Q2 sales dip for Whirlpool EMEA
Whirlpool saw sales in Europe, Middle East and Africa (EMEA) fall five per cent in the second quarter of 2017, ending June 30.
Net sales for the region reached $1.2 billion (£906 million), compared with $1.3bn in the same quarter last year.
The global appliance brand reported breakeven GAAP (generally accepted accounting principles) operating profit.
Ongoing business segment operating profit was also breakeven, compared with $60m in the previous year.
Compared with the first quarter, the region saw operating profit improvement of $17m. This was driven by improved product availability.
Whirlpool said it continued to anticipate solid second-half operating profit recovery, driven by its simplified brand structure, additional product availability improvements and the deployment of marketing actions to support new product launches.

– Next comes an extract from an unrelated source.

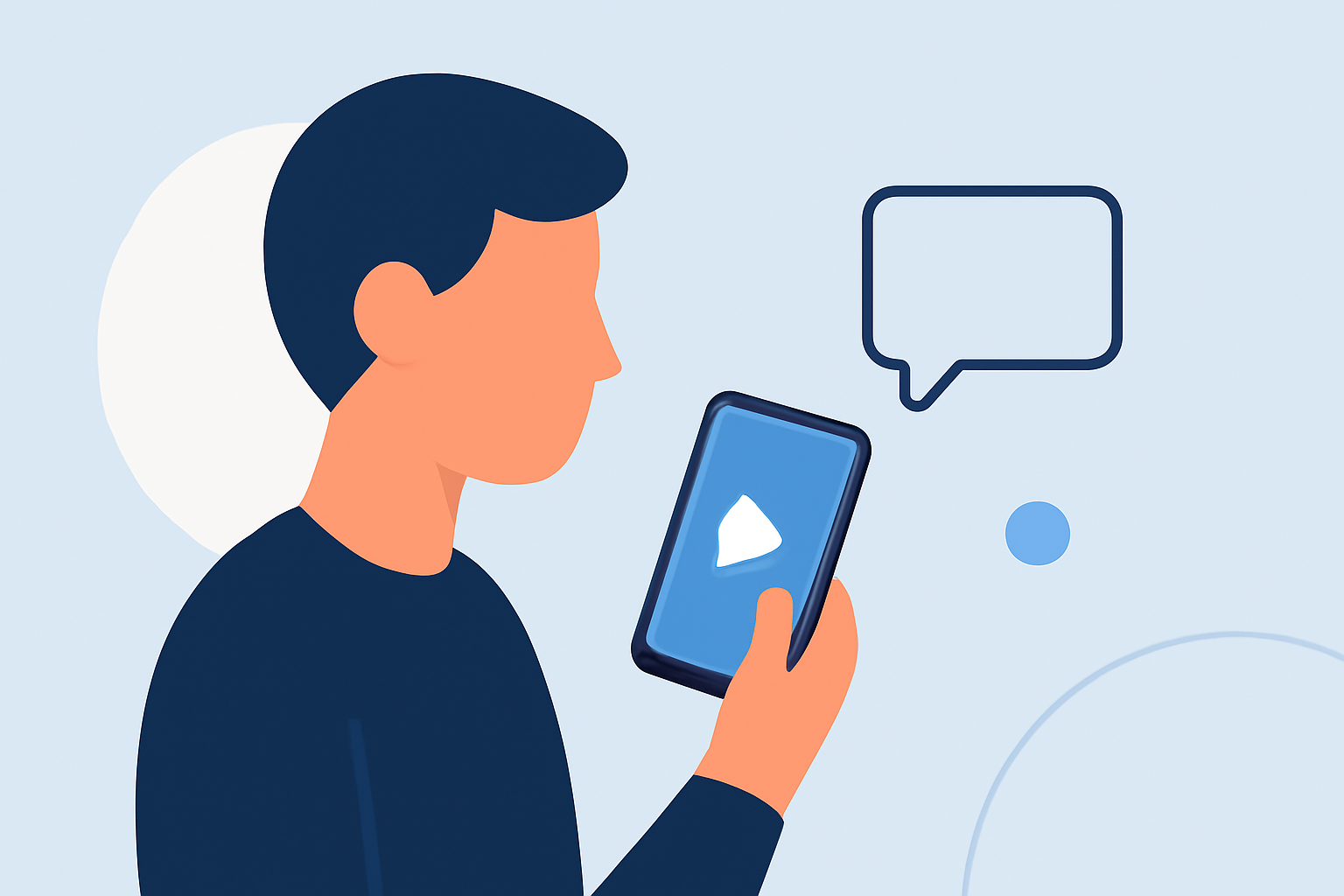 Best App for Editing Talking Head Videos on iPhone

It expected full-year 2017 industry unit shipments to be flat to up to two per cent.
Marc Bitzer, president and chief operating officer of Whirlpool Corporation, said: “We expect profitable growth in EMEA during the second half of this year, and remain confident in our ability to manage through volatility in emerging markets.”
As a whole, the group saw Q2 net sales of $5.3bn, compared with $5.2bn in the same quarter last year. Excluding the impact of currency, sales increased by more than three per cent.
Second-quarter GAAP operating profit was $274m, or 5.1 per cent of sales, compared with $368m, or 7.1 per cent of sales, a year earlier.
Ongoing business operating profit reached $373m, or 6.9 per cent of sales, compared with $437m, or 8.4 per cent of sales in Q2 2016.
On a GAAP and ongoing basis, cost productivity and unit volume growth partially offset unfavourable impacts from raw material inflation and product price/mix.
“We delivered very strong results in North America and Latin America and improved EMEA operating margins,” said Jeff Fettig (pictured), chairman and chief executive of Whirlpool Corporation. “We also continued to deliver significant improvements in our free cash flow generation and remain confident in our full-year free cash flow goals.”
For the full year, the group expected to generate cash from operating activities of $1.65bn to $1.7bn and expects to generate free cash flow of $1bn.